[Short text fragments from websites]
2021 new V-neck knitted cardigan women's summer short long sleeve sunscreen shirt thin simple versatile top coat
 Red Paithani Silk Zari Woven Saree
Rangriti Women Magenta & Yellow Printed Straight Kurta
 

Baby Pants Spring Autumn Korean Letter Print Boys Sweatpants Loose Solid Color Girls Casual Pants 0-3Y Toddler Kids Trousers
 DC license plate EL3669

▶ _WHAT THE TASK ASKS_
Please copy out the data above exactly.

▶ _THE ANSWER_
2021 new V-neck knitted cardigan women's summer short long sleeve sunscreen shirt thin simple versatile top coat
 Red Paithani Silk Zari Woven Saree
Rangriti Women Magenta & Yellow Printed Straight Kurta
 

Baby Pants Spring Autumn Korean Letter Print Boys Sweatpants Loose Solid Color Girls Casual Pants 0-3Y Toddler Kids Trousers
 DC license plate EL3669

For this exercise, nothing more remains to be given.